WBC heavyweight champion, Tyson Fury, once compared the power of his two toughest opponents, Wladimir Klitschko and Deontay Wilder.
Fury defeated Klitschko in 2015, outpointing the Ukrainian, who had been unbeaten for over a decade, in the traditionally unfavourable location of Germany.
Four years later, Fury battled to a draw with then WBC champion, Wilder, before completing a trilogy with the American with back-to-back knockout wins following thanks to his newly-adopted ‘Kronk’ boxing style.
In an interview with The Overlap last year, Fury explained the difference between the two notoriously powerful champions that he overcame.
“I’d been boxing all my life and I’d never heard of this knockout power where it touches you and you fall over, and I wasn’t convinced by the power of the ‘Alabama Slammer’ [Wilder].

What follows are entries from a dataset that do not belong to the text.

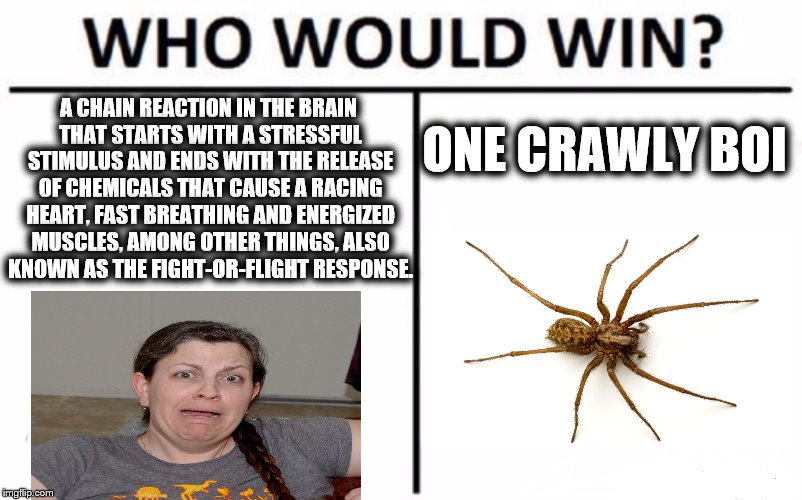 Its pretty obvious.... | A CHAIN REACTION IN THE BRAIN THAT STARTS WITH A STRESSFUL STIMULUS AND ENDS WITH THE RELEASE OF CHEMICALS THAT CAUSE A RACING HEART, FAST BREATHING AND ENERGIZED MUSCLES, AMONG OTHER THINGS, ALSO KNOWN AS THE FIGHT-OR-FLIGHT RESPONSE. ONE CRAWLY BOI | image tagged in memes,who would win | made w/ Imgflip meme maker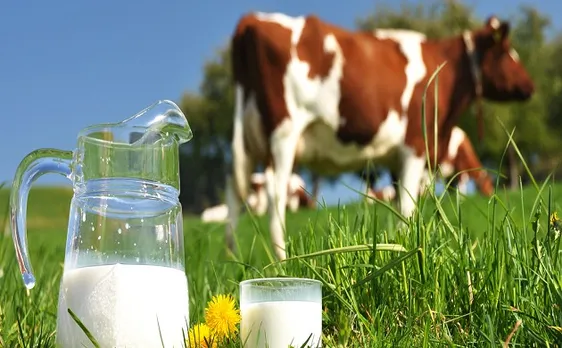 Having beer once a day instead of cow milk may help you posses much better health: study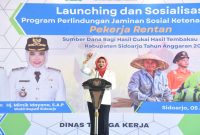 Wakil Bupati Sidoarjo Hj. Mimik Idayana menyerahkan kartu kepesertaan BPJS Ketenagakerjaan kepada perwakilan pekerja rentan di Pendopo Delta Wibawa, Sidoarjo, Rabu (5/8/2026). (Foto Dok Ho/RadarBangsa.co.id).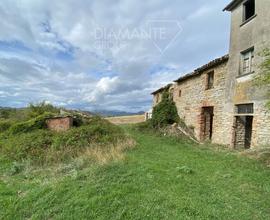 Azienda agricola di 22 Ha con porzione di casale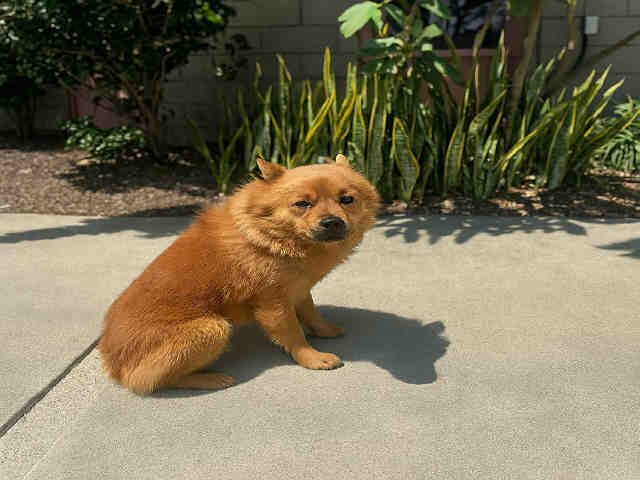 Shelter Stray Male Dog last seen , 5821 Sweetwater Rd, Bonita, CA 91902, USA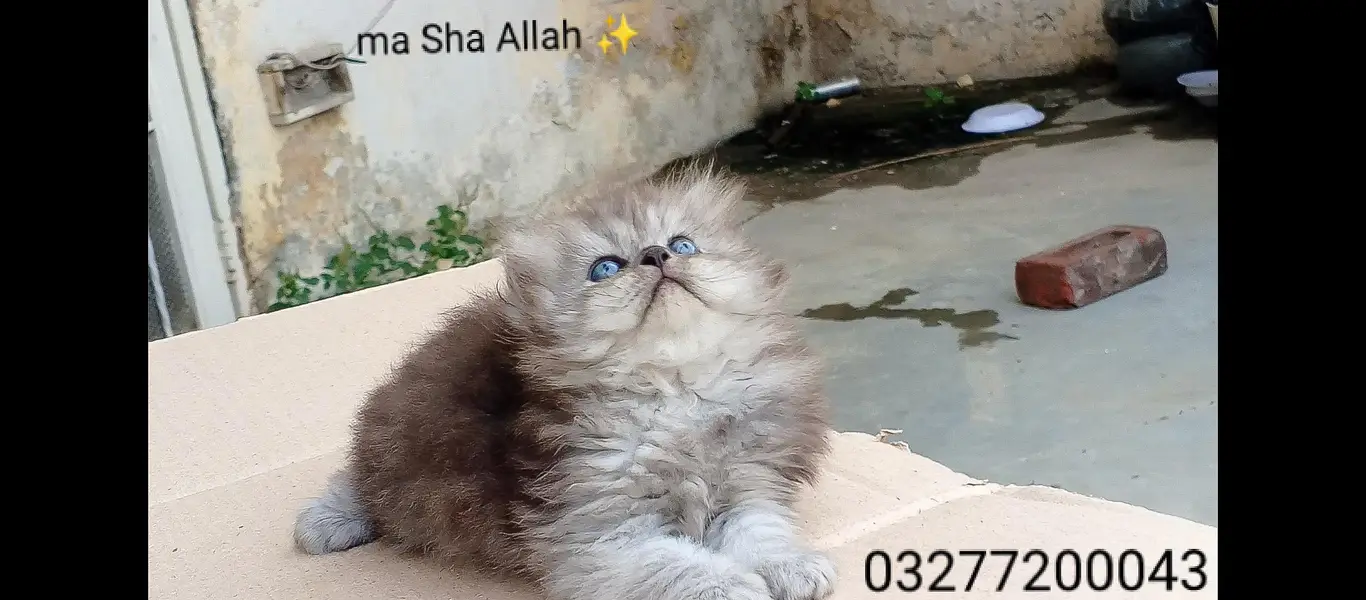 pure pershion tripple coated punch face kittens — photo 6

He had forty knockouts in a row and I thought he must be a gimmick, he’s got to be. I wasn’t bothered about the power anyway, I fought Klitschko who’d had sixty-odd knockouts and it didn’t even affect me.”
“So I got in there [vs Wilder], going jab, jab, jab and thinking ‘this is easy, this cannot be right, I must be in a dream’. All of a sudden, I’ve gone to block a jab and I’ve felt his knuckle go right through my hand, it nearly broke my hand, and I went ‘s**t, I better not get hit by that, if that is his jab, what is his right-hand going to be like?’”
Fury was famously dropped in the final round of his first bout with Wilder, taking the full available count before rising impressively. He discussed what it felt like – or rather what it didn’t.
“He really does have the power where you don’t feel it. You can get punched in the face and you see a blue flash and it hurts you, but then you’ve got real, dynamite punchers like Wilder and it just switches you off like a light switch.”
Fury is set to return to action against another deadly finisher, in the unorthodox form of former UFC superstar, Francis Ngannou, whom he fights on October 28 in Riyadh, Saudi Arabia.